C’est sous un superbe cirque d’hiver renommé pour l’occasion « Magic Mirrors » que vous autres festivaliers avez peut-être déjà eu l’occasion de visiter lors de vos pérégrinations musicales, que se tenait le Midem Festival. Posé au pied du Palais des festivals, à deux pâtés de sable de la Méditerranée, cet écrin nous accueille dans son intimité et la chaleur de ses drapées de velours bordeaux et structures en bois vernis.

Day 1 : Yes Sir Boss, Asaf Avidan et Madness

La soirée débute avec YES SIR BOSS, un jeune groupe britannique dont le principal fait d’arme est d’être la première signature et production du label créé par la chanteuse de soul et jazz Joss Stone.

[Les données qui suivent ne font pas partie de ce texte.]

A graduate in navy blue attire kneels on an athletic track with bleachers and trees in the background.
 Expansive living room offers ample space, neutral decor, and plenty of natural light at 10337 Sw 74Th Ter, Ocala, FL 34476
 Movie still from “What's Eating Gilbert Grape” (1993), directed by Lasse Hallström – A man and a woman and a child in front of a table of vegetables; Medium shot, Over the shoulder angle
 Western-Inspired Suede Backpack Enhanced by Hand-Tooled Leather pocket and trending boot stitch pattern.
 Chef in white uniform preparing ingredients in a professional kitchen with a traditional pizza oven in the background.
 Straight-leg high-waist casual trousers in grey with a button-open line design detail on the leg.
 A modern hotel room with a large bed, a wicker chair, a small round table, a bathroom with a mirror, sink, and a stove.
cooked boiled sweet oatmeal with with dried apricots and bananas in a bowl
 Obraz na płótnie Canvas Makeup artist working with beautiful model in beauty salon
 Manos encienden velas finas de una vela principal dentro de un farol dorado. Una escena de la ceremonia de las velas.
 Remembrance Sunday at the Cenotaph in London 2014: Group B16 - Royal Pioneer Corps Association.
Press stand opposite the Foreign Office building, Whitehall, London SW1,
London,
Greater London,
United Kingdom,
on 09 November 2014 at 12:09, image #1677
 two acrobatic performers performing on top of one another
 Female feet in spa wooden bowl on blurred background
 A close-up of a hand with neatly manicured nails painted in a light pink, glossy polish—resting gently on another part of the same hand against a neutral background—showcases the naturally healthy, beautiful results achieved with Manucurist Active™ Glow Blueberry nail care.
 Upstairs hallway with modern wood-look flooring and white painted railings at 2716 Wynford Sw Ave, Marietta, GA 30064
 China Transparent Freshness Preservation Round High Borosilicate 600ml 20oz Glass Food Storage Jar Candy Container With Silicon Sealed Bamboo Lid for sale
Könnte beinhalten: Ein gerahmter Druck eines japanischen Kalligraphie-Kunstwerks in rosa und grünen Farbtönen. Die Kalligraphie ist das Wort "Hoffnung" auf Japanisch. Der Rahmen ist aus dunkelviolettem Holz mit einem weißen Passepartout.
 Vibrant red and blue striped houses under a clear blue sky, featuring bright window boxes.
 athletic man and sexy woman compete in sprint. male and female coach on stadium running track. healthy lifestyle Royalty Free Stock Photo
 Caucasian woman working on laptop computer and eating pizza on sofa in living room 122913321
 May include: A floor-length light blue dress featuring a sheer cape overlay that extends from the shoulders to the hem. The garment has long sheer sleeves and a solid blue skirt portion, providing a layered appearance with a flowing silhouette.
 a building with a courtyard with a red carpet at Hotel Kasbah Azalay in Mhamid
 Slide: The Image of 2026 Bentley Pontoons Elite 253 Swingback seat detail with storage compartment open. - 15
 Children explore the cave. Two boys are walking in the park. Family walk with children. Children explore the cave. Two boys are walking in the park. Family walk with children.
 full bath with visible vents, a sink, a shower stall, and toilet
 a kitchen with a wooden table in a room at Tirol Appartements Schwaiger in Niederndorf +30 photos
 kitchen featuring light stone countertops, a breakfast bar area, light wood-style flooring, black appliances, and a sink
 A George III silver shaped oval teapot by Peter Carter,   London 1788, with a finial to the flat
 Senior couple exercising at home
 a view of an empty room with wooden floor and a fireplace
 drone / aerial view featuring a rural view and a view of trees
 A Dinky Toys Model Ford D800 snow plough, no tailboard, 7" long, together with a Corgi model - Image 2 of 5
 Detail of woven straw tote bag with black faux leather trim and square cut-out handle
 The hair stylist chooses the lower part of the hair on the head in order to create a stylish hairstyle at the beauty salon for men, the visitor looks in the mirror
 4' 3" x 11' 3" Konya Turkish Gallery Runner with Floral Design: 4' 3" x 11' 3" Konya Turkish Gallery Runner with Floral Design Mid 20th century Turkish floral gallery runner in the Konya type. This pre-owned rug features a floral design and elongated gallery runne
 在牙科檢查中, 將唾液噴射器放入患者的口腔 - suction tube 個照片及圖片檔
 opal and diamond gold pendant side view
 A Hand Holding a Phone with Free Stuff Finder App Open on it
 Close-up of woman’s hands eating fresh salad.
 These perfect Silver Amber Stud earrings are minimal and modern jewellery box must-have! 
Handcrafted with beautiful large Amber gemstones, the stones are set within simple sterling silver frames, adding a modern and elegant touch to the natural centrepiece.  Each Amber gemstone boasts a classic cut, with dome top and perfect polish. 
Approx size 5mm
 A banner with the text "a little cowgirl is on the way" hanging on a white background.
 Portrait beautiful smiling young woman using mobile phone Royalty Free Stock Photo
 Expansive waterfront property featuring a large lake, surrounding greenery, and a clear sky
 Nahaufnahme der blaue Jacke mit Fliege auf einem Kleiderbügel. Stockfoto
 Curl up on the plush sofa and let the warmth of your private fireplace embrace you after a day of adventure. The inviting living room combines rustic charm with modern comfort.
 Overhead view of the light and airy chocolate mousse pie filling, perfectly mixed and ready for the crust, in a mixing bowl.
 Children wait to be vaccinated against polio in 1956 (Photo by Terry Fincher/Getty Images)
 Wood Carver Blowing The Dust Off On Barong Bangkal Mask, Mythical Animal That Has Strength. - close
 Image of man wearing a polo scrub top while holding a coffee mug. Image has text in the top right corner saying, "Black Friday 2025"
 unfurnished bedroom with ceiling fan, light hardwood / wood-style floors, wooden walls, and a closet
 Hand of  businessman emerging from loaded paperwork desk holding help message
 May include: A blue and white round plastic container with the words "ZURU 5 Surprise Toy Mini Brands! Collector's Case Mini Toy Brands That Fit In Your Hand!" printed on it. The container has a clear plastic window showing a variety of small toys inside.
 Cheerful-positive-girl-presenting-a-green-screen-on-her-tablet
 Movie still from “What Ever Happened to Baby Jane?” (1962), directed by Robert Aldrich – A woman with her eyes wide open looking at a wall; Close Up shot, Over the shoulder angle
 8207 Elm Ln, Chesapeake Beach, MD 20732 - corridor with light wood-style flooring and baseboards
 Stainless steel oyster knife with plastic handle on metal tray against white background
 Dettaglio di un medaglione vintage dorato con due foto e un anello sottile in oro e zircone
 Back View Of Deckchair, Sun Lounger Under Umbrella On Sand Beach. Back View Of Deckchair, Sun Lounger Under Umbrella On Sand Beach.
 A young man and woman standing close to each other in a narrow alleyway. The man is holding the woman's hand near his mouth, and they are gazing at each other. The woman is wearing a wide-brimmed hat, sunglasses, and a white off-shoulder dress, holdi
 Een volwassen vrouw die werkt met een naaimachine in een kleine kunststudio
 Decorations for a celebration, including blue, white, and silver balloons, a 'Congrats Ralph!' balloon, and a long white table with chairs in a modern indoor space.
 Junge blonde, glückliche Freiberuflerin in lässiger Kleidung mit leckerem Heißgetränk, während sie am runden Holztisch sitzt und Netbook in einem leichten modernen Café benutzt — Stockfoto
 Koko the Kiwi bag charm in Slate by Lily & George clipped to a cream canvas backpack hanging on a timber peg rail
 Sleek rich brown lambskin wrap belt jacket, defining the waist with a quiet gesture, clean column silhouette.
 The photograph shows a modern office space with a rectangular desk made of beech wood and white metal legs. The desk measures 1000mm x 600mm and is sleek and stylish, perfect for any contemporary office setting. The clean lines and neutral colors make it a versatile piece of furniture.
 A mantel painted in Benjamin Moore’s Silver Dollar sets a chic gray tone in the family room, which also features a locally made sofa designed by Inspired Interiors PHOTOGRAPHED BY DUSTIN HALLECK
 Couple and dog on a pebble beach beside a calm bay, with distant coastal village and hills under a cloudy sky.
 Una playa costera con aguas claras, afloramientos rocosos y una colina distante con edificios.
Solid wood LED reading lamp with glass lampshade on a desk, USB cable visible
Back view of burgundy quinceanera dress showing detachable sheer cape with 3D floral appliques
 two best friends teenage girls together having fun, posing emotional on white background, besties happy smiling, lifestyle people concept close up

Les six membres ont très vite pris la mesure de la scène et de la salle et ont déversé sur nous un rock gipsy et joyeux laissant la part belle aux cuivres, qui n’est pas sans rappeler les compositions du No Smoking Orchestra (avec une moyenne d’âge moitié moindre tout de même). Leur set d’un peu moins d’une heure nous a permis de découvrir l’ensemble de leurs jeunes et joyeuses productions (ils auront l’intelligence de distribuer eux-mêmes leur EP après leur prestation).

Après une courte pause, on enchaîne avec ASAF AVIDAN, l’auteur-compositeur-interprète israélien à crête d’iroquois dont on pourrait jurer qu’il vient de s’échapper du diary d’Hedi Slimane. Le contraste est alors saisissant entre les deux performances. Accompagné de ses trois musiciennes et choristes ainsi que d’un batteur, chacune des compositions nous heurte en plein cœur. La voix d’Avidan nous transperce ; ses rifs nous déchirent. Les thèmes abordés sont aussi sombres que l’interprète. A chaque interlude, il prend le temps de parler de lui, se livre sur son parcours ainsi que sur l’origine de chacune des chansons, le tout d’une voix douce et fluette ; sans doute pour mieux régénérer celle-ci après l’avoir poussé jusqu’à la stridence et au hurlement pendant le chant. Ainsi, avant d’achever sa prestation par «One Day », il nous raconte comment il a tout d’abord détesté son remix par Wankelmut avant d’accepter celui-ci comme une œuvre à part entière qui lui a permis d’être reconnu et de toucher un public plus large. Seul avec une guitare acoustique, il achève sa prestation avec brio après avoir électrisé le public une dernière fois.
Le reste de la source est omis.